Tel est le cas en l'occurrence, étant en effet observé qu'il résulte des pièces du dossier':
- que les époux [Y] sont propriétaires indivis de l'immeuble en cause';
- qu'ils ont tous deux réceptionné les travaux, le procès-verbal en date du 19 mars 2009 les qualifiant ensemble de maîtres de l'ouvrage («'M. et Mme [J] [Y]'»)';
- qu'à la suite de la première déclaration de sinistre, Mme [Y] a elle aussi participé aux discussions qui ont abouti à la conclusion du protocole d'accord, puisque c'est à son ordre - «'Mme [Y]'» - qu'a finalement été établie la facture de travaux commandés à la société Visa BTP en exécution de ce protocole';
- qu'ainsi, cette facture a été réglée, sinon par Mme [Y] elle-même, du moins nécessairement avec son accord.
Ainsi et quand bien même Mme [Y] n'a pas signé le protocole, pour autant elle l'a ratifié en en exécutant tous les termes, ayant par là même confirmé le mandat qu'elle avait tacitement donné à son époux de transiger en son nom.

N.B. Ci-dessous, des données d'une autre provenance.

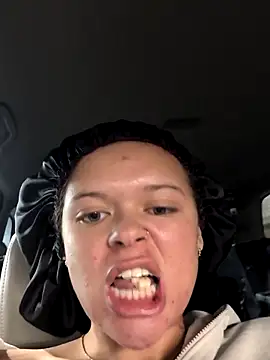 SHAUDiii online show from March 7, 2026, 1:52 pm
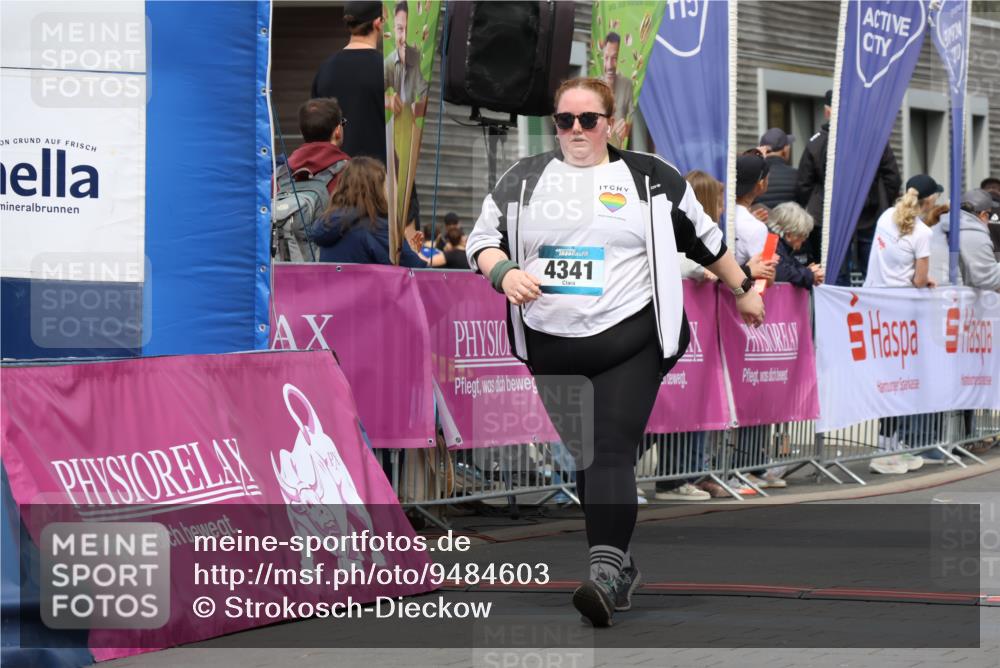 12.04.2026 - 45. Internationalen Wilhelmsburger Insellauf Strokosch-Dieckow http://msf.ph/oto/9484603 12.04.2026 13:21:24 Ziel 4341, 5633, 4284, 4293 meine-sportfotos.de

Il en résulte que le protocole est opposable aux deux époux.
Par suite, l'ordonnance sera confirmée en ce qu'elle a déclaré irrecevables les demandes formées par M. et Mme [Y] à l'encontre de M. [V], de la société [N] [W] et de la MAAF.
L'ordonnance sera également confirmée en ce qu'elle a débouté la société Visa BTP de sa demande au titre des frais irrépétibles de première instance, en ce qu'elle a condamné les époux [Y] à payer à M. [V] d'une part, à la société [N] [W] et à la MAAF d'autre part, une somme de 1.200 € au titre de ces mêmes frais, enfin ce qu'elle a condamné les époux [Y] aux dépens de l'incident.
Y ajoutant, la cour':
- déboutera la société Visa BTP de la demande qu'elle forme au titre des frais irrépétibles d'appel';
- condamnera les époux [Y] à payer à M. [V] d'une part, à la société [N] [W] et la MAAF d'autre part, une somme de 1.000 € au titre des frais irrépétibles d'appel';
- condamnera enfin les époux [Y], parties perdantes, aux dépens de la procédure d'appel.
PAR CES MOTIFS,
La cour, statuant publiquement, par arrêt contradictoire rendu en dernier ressort, mis à disposition au greffe,
- confirme l'ordonnance en toutes ses dispositions ;
- y ajoutant,
déboute les parties du surplus de leurs demandes ;
déboute la société Visa BTP de sa demande au titre de l'article 700 du code de procédure civile en cause d'appel';
condamne les époux [Y] à payer à M. [B] [V] une somme de 1.000 € au titre de l'article 700 du code de procédure civile en cause d'appel ;
condamne les époux [Y] à payer à la société [N] [W] et la MAAF une somme de 1.000 € au titre de l'article 700 du code de procédure civile en cause d'appel ;
condamne les époux [Y] aux dépens de la procédure d'appel.